First, the professional updates:
Since the last installment of Inconstant Sun in October, I visited Beijing twice for Blue Note Beijing Jazz Orchestra performances:
—The music of Duke Ellington in November around Thanksgiving, which allowed the opportunity to perform Duke's timeless 1951 version of "Mood Indigo" (15 minutes long, taking up the entire side of an LP and featuring seemingly endless and masterful variants on the theme); and
—A New Year's Eve celebration with special guest Kris Davis on piano, with a program that included arrangements of Monk by Oliver Nelson (from the 1968 big band record)The visit in late December also included a string of six back-to-back dates with my MUTE colleague Christian Li, who enlisted the musical talents of bassist Jared Henderson and fellow MUTEer Dayeon Seok for shows in Shanghai and Beijing. It was a trip (literally and figuratively) returning to Shanghai to play, as I hadn't been there since August 2017, and I had the chance to catch up with friends there and also take the band around for their first visit to the city.
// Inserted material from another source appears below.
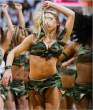 nfl-cheerleaders-cleavage-30.jpg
Christian and I also played two rewarding improvised trio music gigs with Beijing local Xiao Dou ("Little Bean," as he's known), a marvelous drummer and connoisseur of vintage cymbals and drums.
Prior to the trip, I played my final gigs at Korzo and Cornelia Street Café; the former still stands as a restaurant/bar in Greenwood Heights, but no longer hosts the long-running Konception Series helmed by James Carney, while the latter closed for good in early January due to exorbitant rent in the Village (what else is new?). I saw a lot of inspiring, memorable gigs at both venues: by my count, 16 at Korzo from January '16 through last month, and 8 at Cornelia (somehow it seemed like more before I checked my show list). So it goes.
In January, I premiered The Middle of Tensions, a long quartet piece with Dana Saul on piano plus trio-ites Walter Stinson on bass and Matt Honor on drums. It was an intense night of music, and I'm looking forward to doing it again later this spring (TBD). I also had the chance to play again with guitarist Juanma Trujillo's quartet, which has been playing for a few years now and will tentatively record later this fall.
Coming up, February is pretty busy:
—I'll be in Philadelphia tonight at Chris's Jazz Café with pianist David Zheng for the 7–10 p.m. show.
—This weekend, I'm thrilled to perform with the John Hollenbeck Large Ensemble at Virginia Tech; I studied composition with John for a semester at NEC, which forever changed my conceptual approach to organizing musical information. I consider him to be among the foremost jazz large ensemble composers living today, and it's a privilege to share the stage with many musicians I look up to and have seen perform numerous times.
—The Rigors of Love, a quintet piece I performed last year at The Jazz Gallery and Cornelia Street Café, will be played once more at Scholes Street Studio next weekend before we go into the studio to record it.
—I'll be playing with Andrew Schiller's three-tenor band JoggerKnot at the 55 Bar in the Village at the end of the month; expect lots of saxophone.
Now, for some brief personal reflections:
I played a lot of stimulating, challenging music in 2018 with friends and peers, and for that I'm grateful. In fact, I played more gigs than ever before (somewhere around 60-70, or on average one gig a week). Amazingly, about a third of the gigs were in Asia (mostly China, but a few in South Korea).
Of course, the existential malaise of playing jazz in 2019 continues to rear its head from time to time, particularly in dry spells of no performing and mostly solitary practicing and composing. Having spent most of 2018 composing ambitious, long-form works, I feel like I have a grasp on where to go from there, but in 2019 I also want to return to the experiential, workshopping format that I had going on with the trio in previous years.
I had a heartening conversation with an older saxophone whom I admire immensely, and when I mentioned how I found it ironic that I could so much more easily book gigs halfway around the world than where I lived, he replied that I'd soon realize that everybody finds it easier to book gigs outside of New York than in it. Indeed, with the closing of venues for more experimental jazz and improvised music, it will only get harder to play more regularly, but I'm glad to have the opportunities to play extensively outside of New York now, and I'm working on a trio run in Beijing for May 2019. I constantly remind myself that this is just the beginning of a very long journey, I hope.
That's all I've got to share with you for now. Thanks for reading and thanks for listening.